Training contact center employees can be a challenge. It’s difficult to find the time and a constant pressure to train faster can compromise quality. It’s logistically difficult to pull agents for training while maintaining coverage. This leaves little room for error when you do get a chance to train. ICMI recently wrote an article on the three common mistakes that contact center trainers make. These errors slow training down, make it less effective, and can even cause training to fail completely. On the other hand, avoiding these mistakes can help your agent training programs deliver amazing results. A summary of that article is below:

Mistake #1: No Analysis

The first step for any training program should be to analyze the situation to identify your agents’ specific training needs. Let’s say you wanted to put together a training program on handling upset customers. What would you do? Would you Google “how to handle angry customers”? Or look for a training video or related PowerPoint?

None of those steps would be a good idea without first analyzing the situation to identify the real problem you are trying to solve. For a course on handling angry customers you might ask these key questions:

• What makes customers angry?
• What are agents doing now?
• What specifically do agents need to do better?

Without the answers to those questions, your agent training program will be generic and ineffective. On the other hand, answering these questions can help you focus the training on helping your agents serve their customers better.

Mistake #2: No Goal

We measure everything else in the contact center, so why not training? Agent training can fail if we don’t clearly define our intended outcomes and measure our success. We need to be able to definitively answer the question, “How do we know if someone is trained?”
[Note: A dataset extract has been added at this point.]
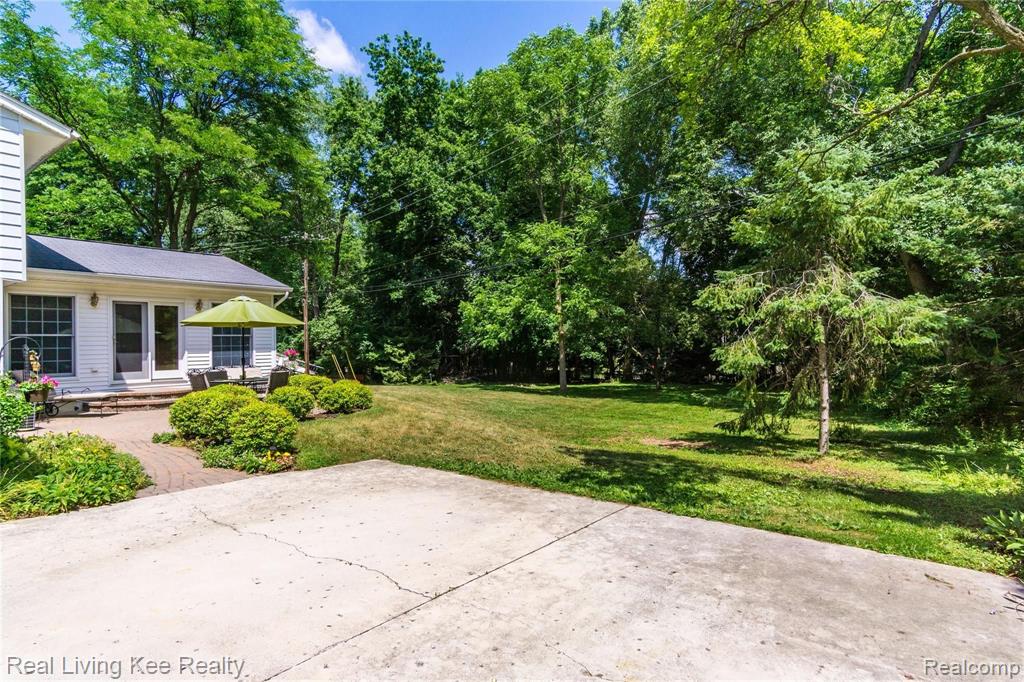 354 Texas Avenue Rochester Hills, MI 48309 - Photo 11 of 62
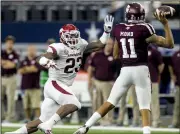  ?? NWA Democrat-Gazette/BEN GOFF ?? Arkansas linebacker Dre Greenlaw (23) is philosophi­cal about how this season has gone for himself and the other Razorbacks seniors. “I kind of look at this as a game of life,” he said. “In life, there’s going to be a lot of downfalls.”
Unfortunately, many contact center training programs are evaluated with some pretty squishy statements such as, “they seem to being doing well” or “they aren’t asking too many questions”.

None of those statements give any real indication of whether a person has been fully trained.
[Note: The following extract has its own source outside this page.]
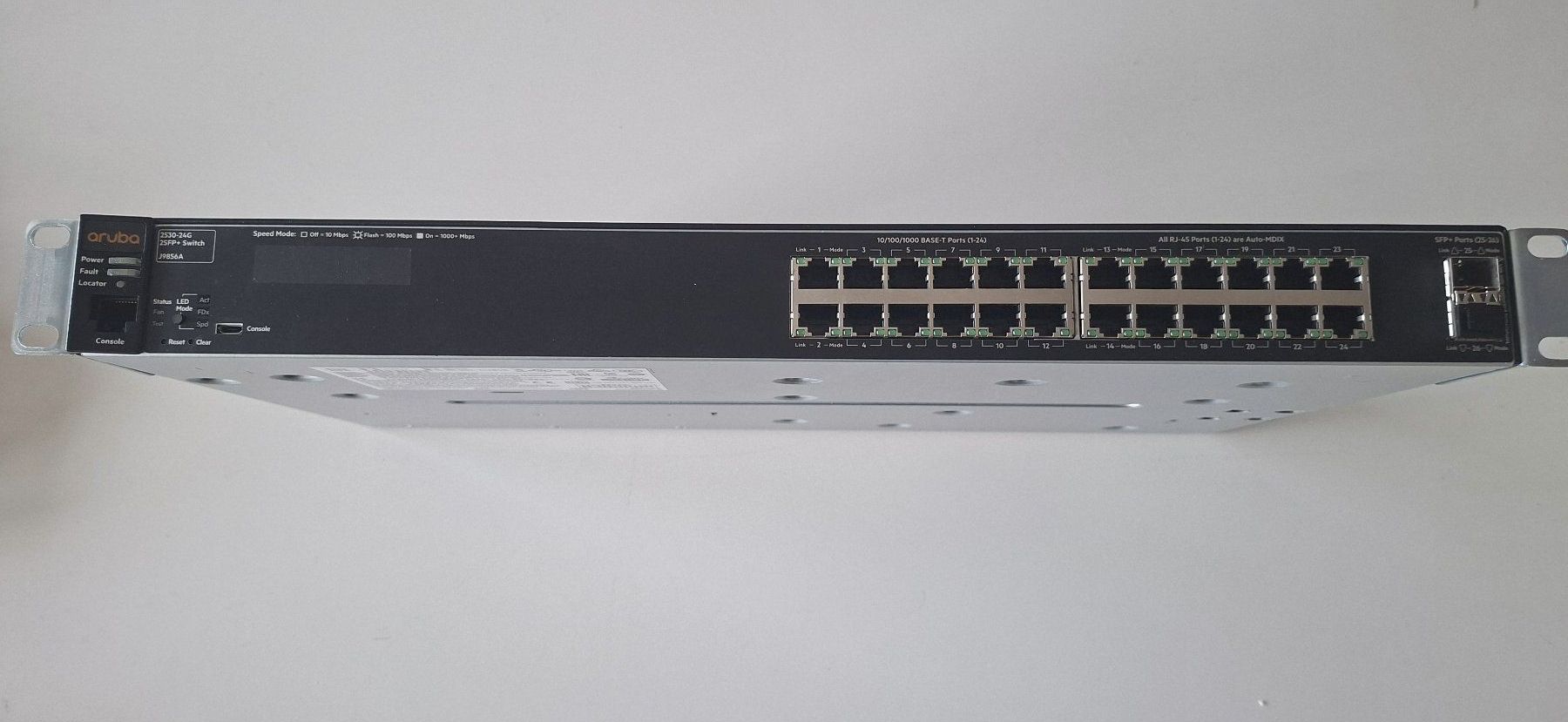 Hewlett Packard Hub & Switch: HP aruba 25-30-24G 2SFP+ Switch – Usato da Niederönz venduto da Northrop_B2 1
A better approach is to create a clear, measurable goal that’s based on agent performance. For example, you might use this goal for training agents to respond to emails:

Customer service representatives will craft responses to five simulated emails with 100% adherence to email quality guidelines.

Mistake #3: Training for Knowledge

A lot of training programs focus on filling participants brains with information. Unfortunately, this is a slow and ineffective way to train. It takes a lot of time and effort to acquire new knowledge. And, contact center information can change rapidly which requires us to start the process all over again. A faster and more effective way to train is to focus on performance.

There are many tools in the contact center that can help your agents focus on performance instead of memorizing information. These include knowledge bases, screen pops, job aids, and customer-facing websites.